[[ DATASET EXCERPT, beginning ]]

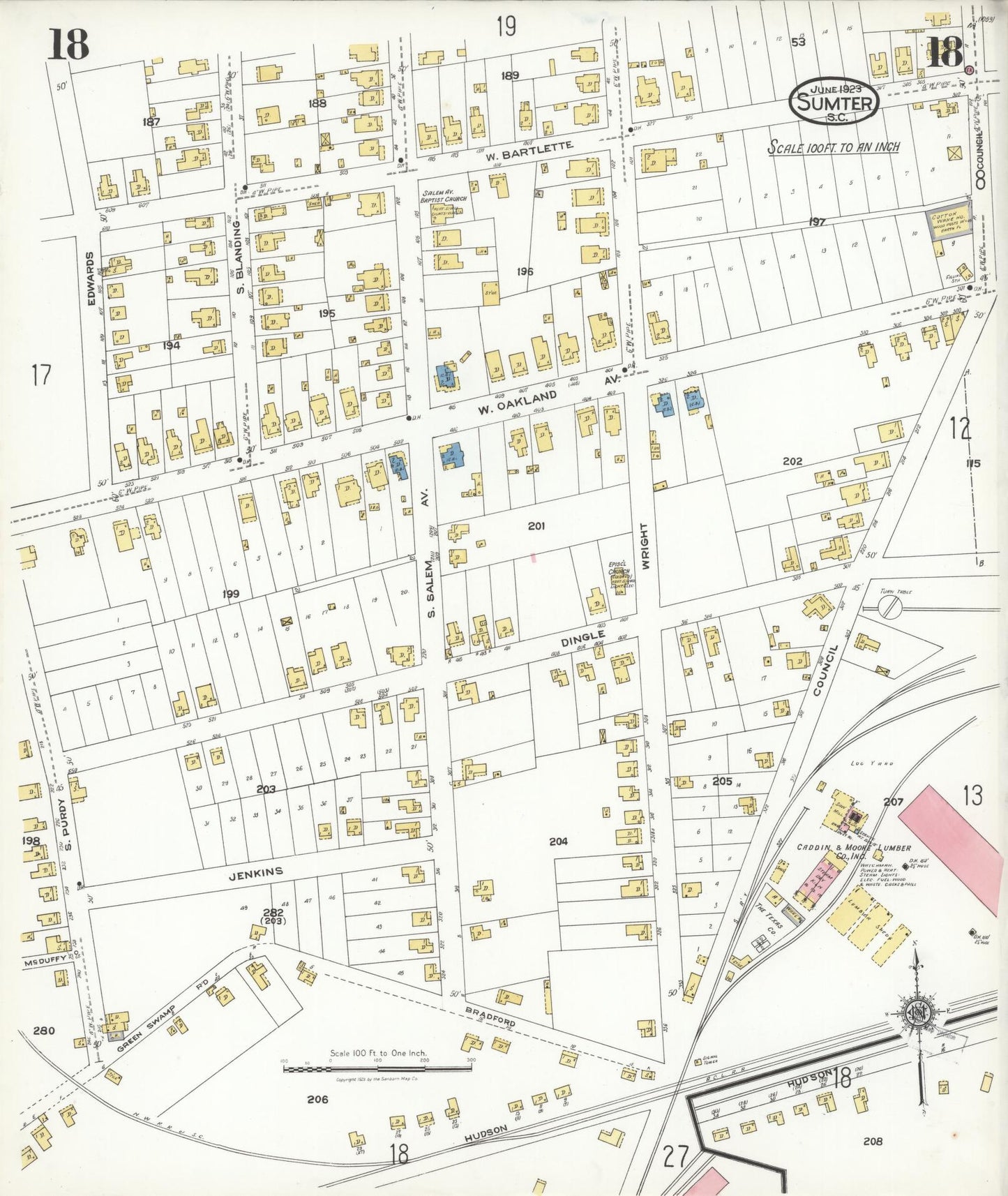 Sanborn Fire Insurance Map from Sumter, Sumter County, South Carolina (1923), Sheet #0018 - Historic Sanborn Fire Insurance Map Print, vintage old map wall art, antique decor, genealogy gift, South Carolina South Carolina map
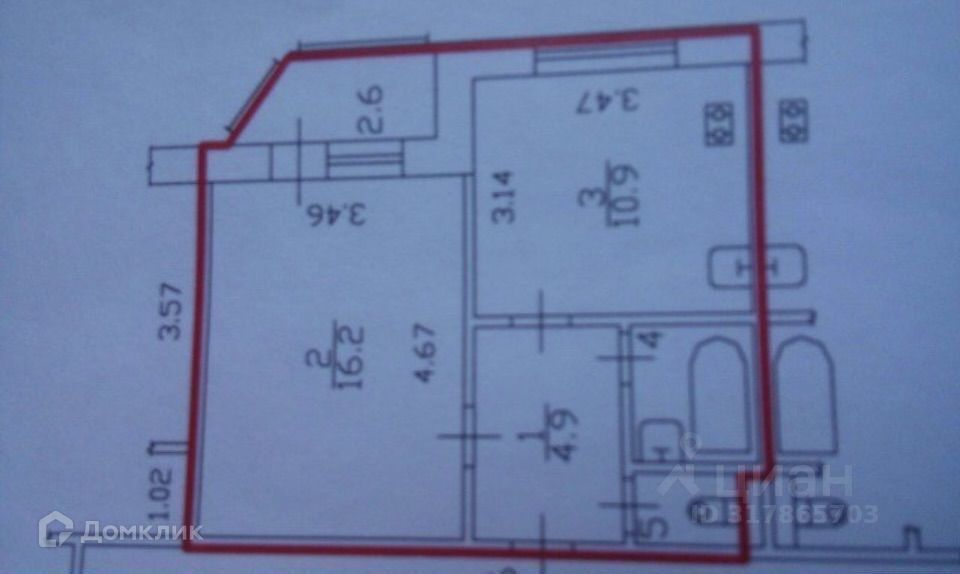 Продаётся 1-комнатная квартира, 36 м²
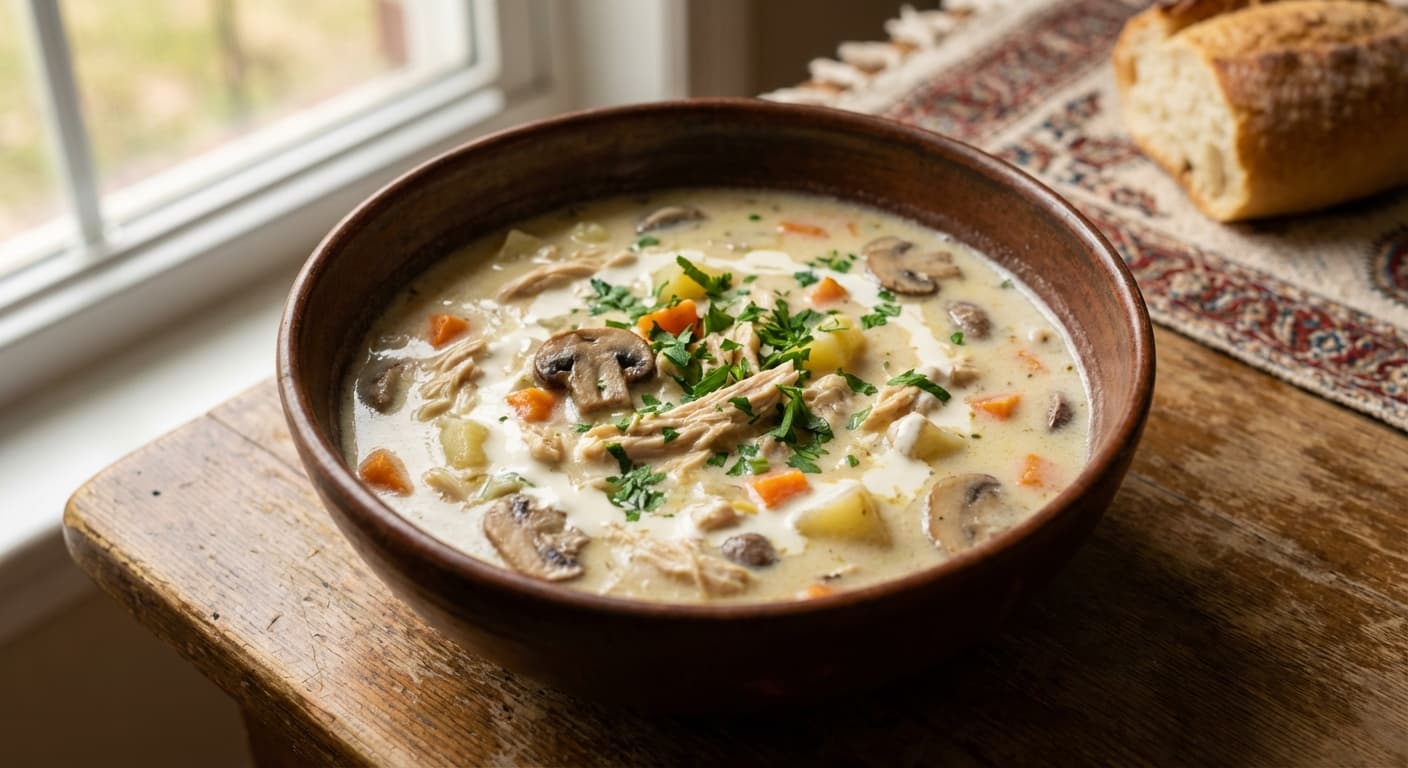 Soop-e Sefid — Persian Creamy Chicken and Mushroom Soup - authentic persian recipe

[[ DATASET EXCERPT, end ]]

> **WHAT IS REQUIRED**
Recreate the listing above word for word, dropping each picture it contains.

> **SOLUTION TO THE PROBLEM**
 Sanborn Fire Insurance Map from Sumter, Sumter County, South Carolina (1923), Sheet #0018 - Historic Sanborn Fire Insurance Map Print, vintage old map wall art, antique decor, genealogy gift, South Carolina South Carolina map
 Продаётся 1-комнатная квартира, 36 м²
 Soop-e Sefid — Persian Creamy Chicken and Mushroom Soup - authentic persian recipe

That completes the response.